JOHNSON: Where you from, kid?
FOLMSBEE: Kansas.
JOHNSON: Look, sport, I don’t know what you think you know about science, but we are researching here on a level you’ve never even dreamed of. We’ve got a centrifuge that’ll separate pellet from supernatant at 120,000 g. We’ve got 11M hydrochloric acid that’ll dissolve your face. Just because you got into this graduate program you probably think you’re some hotshot. But I’ve got news for you, pal: you won’t last two days.
FEINSTEIN: Easy, Johnson.
JOHNSON: What do you think, son? Do you have what it takes to work in a neuroscience lab?
FOLMSBEE: Well, I did graduate with a degree in Neurobiology from—
JOHNSON: interrupting I don’t care! This isn’t like those glamorous scientists you see on TV. There are no supermodels, no private jets, no henchmen. Just you, your bench, and the occasional cocaine party. You aren’t ready, kid. You’ll just screw things up.
FOLMSBEE: From what it looks like, I’m not the problem here.
[JOHNSON stares at FOLMSBEE.]
FEINSTEIN: Hey, there’s something else you should know, Johnson. He’s not just with the graduate program. He’s an MD/PhD student.
JOHNSON: his mouth hangs open in rage He’s with the medical school? There’s no way I’m working with him now! We’ve been fighting with them over jurisdiction on this research project for months now. Remember that axon-pathfinding paper we almost had published before it was stolen by those patient-coddlers? We don’t need a future stethoscope-pusher hanging around our lab.
The phone rings, and FEINSTEIN answers it.
FEINSTEIN: Yeah? Really? Glutamatergic and GABAergic neurotransmitter vesicles? All right. I’ve got the perfect guys for the job. [He hangs up phone.]
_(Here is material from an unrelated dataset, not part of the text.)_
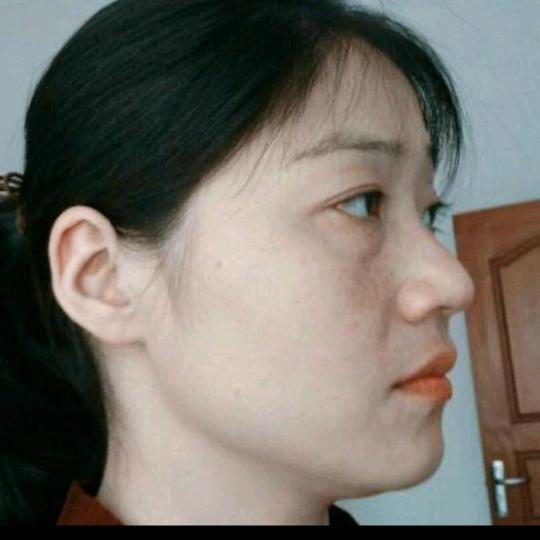 樱桃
FEINSTEIN: My inside man over at Nature Neuroscience tells me that those pseudo-scientists over at that Hopkins lab are trying to scoop us on your paper, Johnson. My pal is going to work over their submitted manuscript with some nasty reviews, but I’m going to need you two to get down to your bench and get me some electron microscopy images so we take ’em out.
JOHNSON: I can do this in my sleep. I don’t need this joker.
FEINSTEIN: Last time you got EM pics, it took us two weeks to clean out the viewing room.
JOHNSON: Hey, it’s not my fault that most of those solvents were flammable.
FEINSTEIN: All right, you two get to work. Here’s your gun, Stephen.
FOLMSBEE: Why do I need a gun?
FEINSTEIN: Don’t worry, it’s a science gun.
Confused, FOLMSBEE leaves the office. JOHNSON glares at FEINSTEIN, and then follows. FEINSTEIN pours himself a scotch out of a graduated cylinder.
FEINSTEIN: I’m getting too old for this neuroscience.